1995 novel by Troy Denning

The Titan of Twilight is a fantasy novel by Troy Denning, set in the world of the Forgotten Realms, and based on the Dungeons & Dragons role-playing game. It is the third novel published in "The Twilight Giants" trilogy of novels. It was published in paperback in September 1995, with a paperback re-issue in October 2005.

==Plot summary==
The Titan of Twilight is a novel in which the out of wedlock child born to Queen Brianna of Hartsvale leads to numerous deaths. The giants of the land believe the baby to be a Titan of Twilight, the last giant-kin descendant of Annam All-Father, creator of giant races. His coming is a prophecy the giant-kin believe, and they do everything they can so that Queen Brianna reaches the Twilight Vale. The child is supposedly to restore Ostoria, an ancient giant kingdom.
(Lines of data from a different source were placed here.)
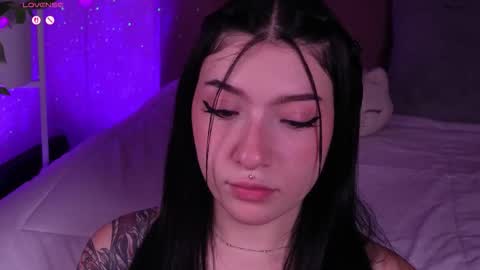 Dolcexx online show from 01/05/26, 07:28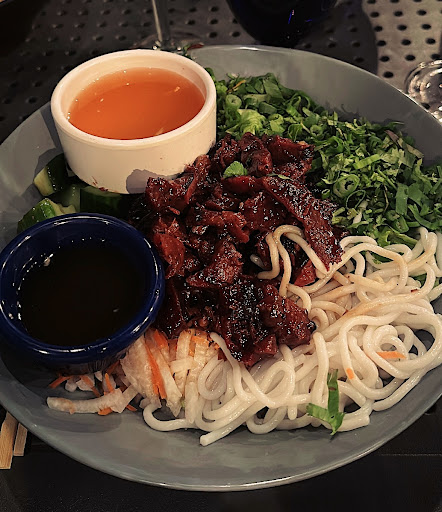 533 Viet Fusion - Thumbnail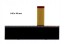 Китай WYŚWIETLACZ LCD LICZNIK LIGIER DUE LIGIER JS X-TOO LCD ДИСПЛЕЙ ЛІЧИЛЬНИК LIGIER DUE LIGIER JS X-TOO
The main protagonist, a firbolg by the name of Tavis Burdun and his friends fight to stop them.

==Reception==
Gideon Kibblewhite reviewed The Titan of Twilight for Arcane magazine, rating it a 6 out of 10 overall. He calls the novel "An enjoyable romp" noting that "The body count is extraordinarily high, with expendable soldiers and leading characters on all sides meeting all manner of gruesome deaths. Indeed, this is one of the book's strengths. The story begins with a vicious battle and thereafter a steady shower of lopped limbs keeps things ticking along nicely." He comments that "Troy Denning has great fun dishing up a variety of tricky problems and hideous monsters for our heroes to tackle as events roll towards a stunning finale where the legendary titan himself makes an appearance." Kibblewhite concludes the review by saying "Not one for the faint-hearted (you'll never win a fair lady either) but for the rest of us an above-average read."